The dialogue isn't completely text-based like the first game, but because they have to work within the limits of a 64MB cartridge, they've only gone for sort of semi-voicing the game, giving each character a few phrases that are spoken out loud on vaguely appropriate paragraphs of the written text - if you're reading through it at a reasonable pace, it gives the impression that the Caduceus members communicate with each other by sort of Twittering verbally in a stream of "Hey." "Excuse me." "Well..." "Yes." "What the..." "Doctor?" "Understood." And it's enormously irritating (apart from the villain's maniacal laugh sound clip, which makes it all worthwhile) but you shouldn't allow yourself to turn it off because the same little sound cues are so helpful during the operations - it's just about possible now to go through it without looking at the top screen at all because you're prompted to do everything verbally.

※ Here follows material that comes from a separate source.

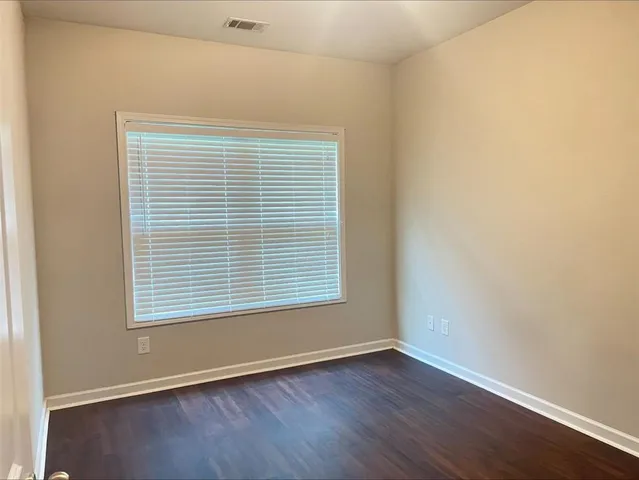 an empty room with wooden floor and a window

Something that surprised me was that the game runs noticeably slower. When you do your first operation, you feel a definite reduction in pace compared to the first - I suffered the indignity of having my first suture counted as a "BAD" before realizing I had to relearn how it was expecting me to do them. Another example is that the syringe seems to have been changed from a smoothly sliding gradient into a series of sprites, giving filling it a much jerkier appearance. It's not unplayably slow - after a while you get used to it and don't notice it at all by itself (indeed, now that I'm at the end of the game and having to touch the screen five times per second it's difficult to imagine how I could ever call the game "slow"), but if you go back to the first game after getting used to this one it's surprising how much faster it seems. I think the screen just doesn't update quite as quickly as before, most noticeably on tools where you have to draw lines like the sutures and scalpel - maybe it was an attempt to combat the slowdown that the first game experienced when there were a lot of objects on the screen at once.

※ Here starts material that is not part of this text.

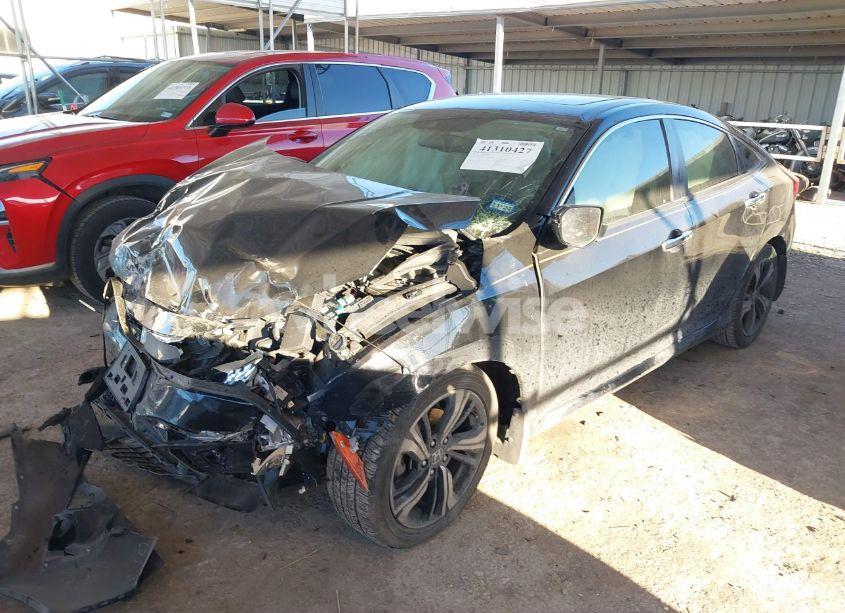 Photo 2 of 2017 Honda Civic TOURING (VIN 19XFC1F97HE010119)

I said before that even though I'm not someone who just skips through cutscenes all the time I didn't really consider the plot of the first game all that important, more a vehicle to trundle the game between operations of increasing unlikeliness and difficulty, but the storyline here has really been brought to the forefront. Rather than just one group fighting a medical terrorist plot, it's been turned into a story about the rivalries between two medical companies and the soap opera of the more personal stories of all of the characters that you meet and work with (while they work tirelessly at pushing your two clueless protagonists into finally going to bed together). I didn't find myself caring all that much about the couple of tragic plot points the first time round, but this one has an absolute heartbreaker that I honestly felt guilty about for most of the day afterwards (made all the worse because in the context of the game I had done everything right - the plot nevertheless just dictated that I wasn't good enough). It seems that even the great Derek Stiles can't compete with storyline injuries.

New operation descriptions under here )

But after finally getting past all that, you're triumphantly given a notice that you've now got access to the Confidential Operations, also known as the X-missions. So my descriptions of those are going to have to come much later provided I can complete them at some point within the next hundred years. Thanks a lot, Atlus.

I've just noticed that my DS now has a perfect groove worn into the screen at the point where the stabilizer appears.